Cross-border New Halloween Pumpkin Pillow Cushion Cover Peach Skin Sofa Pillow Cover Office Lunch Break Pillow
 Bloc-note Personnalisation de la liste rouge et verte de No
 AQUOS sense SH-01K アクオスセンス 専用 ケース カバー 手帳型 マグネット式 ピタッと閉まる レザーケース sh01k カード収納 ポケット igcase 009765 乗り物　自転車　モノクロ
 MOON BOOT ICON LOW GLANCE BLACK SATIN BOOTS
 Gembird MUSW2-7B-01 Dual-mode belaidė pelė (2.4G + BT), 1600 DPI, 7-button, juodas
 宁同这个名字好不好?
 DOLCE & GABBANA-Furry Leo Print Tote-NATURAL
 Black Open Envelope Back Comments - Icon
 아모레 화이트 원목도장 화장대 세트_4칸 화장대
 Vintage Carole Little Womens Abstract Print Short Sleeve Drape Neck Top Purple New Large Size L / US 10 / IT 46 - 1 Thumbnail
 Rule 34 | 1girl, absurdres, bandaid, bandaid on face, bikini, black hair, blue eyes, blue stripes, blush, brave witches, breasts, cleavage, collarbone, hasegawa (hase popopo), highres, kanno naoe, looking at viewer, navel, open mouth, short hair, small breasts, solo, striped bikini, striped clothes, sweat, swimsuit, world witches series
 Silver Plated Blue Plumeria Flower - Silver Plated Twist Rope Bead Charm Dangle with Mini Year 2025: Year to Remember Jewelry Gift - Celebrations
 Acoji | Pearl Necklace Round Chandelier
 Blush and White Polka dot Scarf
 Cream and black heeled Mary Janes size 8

====================

■ TASK GOAL:
Down to the last character, restate every record.

■ EXERCISE RESPONSE:
Cross-border New Halloween Pumpkin Pillow Cushion Cover Peach Skin Sofa Pillow Cover Office Lunch Break Pillow
 Bloc-note Personnalisation de la liste rouge et verte de No
 AQUOS sense SH-01K アクオスセンス 専用 ケース カバー 手帳型 マグネット式 ピタッと閉まる レザーケース sh01k カード収納 ポケット igcase 009765 乗り物　自転車　モノクロ
 MOON BOOT ICON LOW GLANCE BLACK SATIN BOOTS
 Gembird MUSW2-7B-01 Dual-mode belaidė pelė (2.4G + BT), 1600 DPI, 7-button, juodas
 宁同这个名字好不好?
 DOLCE & GABBANA-Furry Leo Print Tote-NATURAL
 Black Open Envelope Back Comments - Icon
 아모레 화이트 원목도장 화장대 세트_4칸 화장대
 Vintage Carole Little Womens Abstract Print Short Sleeve Drape Neck Top Purple New Large Size L / US 10 / IT 46 - 1 Thumbnail
 Rule 34 | 1girl, absurdres, bandaid, bandaid on face, bikini, black hair, blue eyes, blue stripes, blush, brave witches, breasts, cleavage, collarbone, hasegawa (hase popopo), highres, kanno naoe, looking at viewer, navel, open mouth, short hair, small breasts, solo, striped bikini, striped clothes, sweat, swimsuit, world witches series
 Silver Plated Blue Plumeria Flower - Silver Plated Twist Rope Bead Charm Dangle with Mini Year 2025: Year to Remember Jewelry Gift - Celebrations
 Acoji | Pearl Necklace Round Chandelier
 Blush and White Polka dot Scarf
 Cream and black heeled Mary Janes size 8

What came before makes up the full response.